I have used data from second quarter 2011 issue of Gold Demand Trends from World Gold Council (WGC) released in August to plot supply and demand for gold. Total mine supply takes into account producer hedging. Apart from Q2 2010 and Q1 2011 producers have been de-hedging in the observed time period which reduces the total mine supply. The de-hedging was particularly significant in the year 2009 when total mine supply was reduced by 236.4 tonnes by the activity. In 2010 it was reduced by 108.4 tonnes and in the first half of 2011 de-hedging activity was reported to be just 3.9 tonnes.
gold supply
(Click to enlarge)

The amount of recycled gold seem to be fluctuating around 400 tonnes per quarter.
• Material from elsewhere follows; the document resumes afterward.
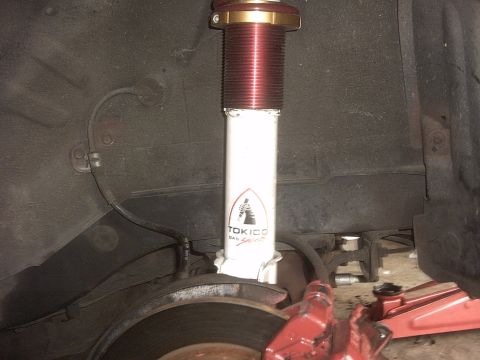 1989 Ford Probe - Tokico Illuminas 5-Way Adjustables from a 2gen PGT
One interesting observation in the Q2 2011 issue of Gold Demand Trends was that the correlation between change in local recycled gold supply and local price has diminished in recent years in some countries. In Indonesia and South Korea the correlation between the two was high between 1998 and 2006, but has since dropped significantly. According to the WGC report “this suggests, at the very least, that consumers are acclimatising to an environment of and an outlook for rising prices. It could also be a signal that near market supplies of recyclable gold are dwindling and ever greater price moves are required to flush out additional supply.”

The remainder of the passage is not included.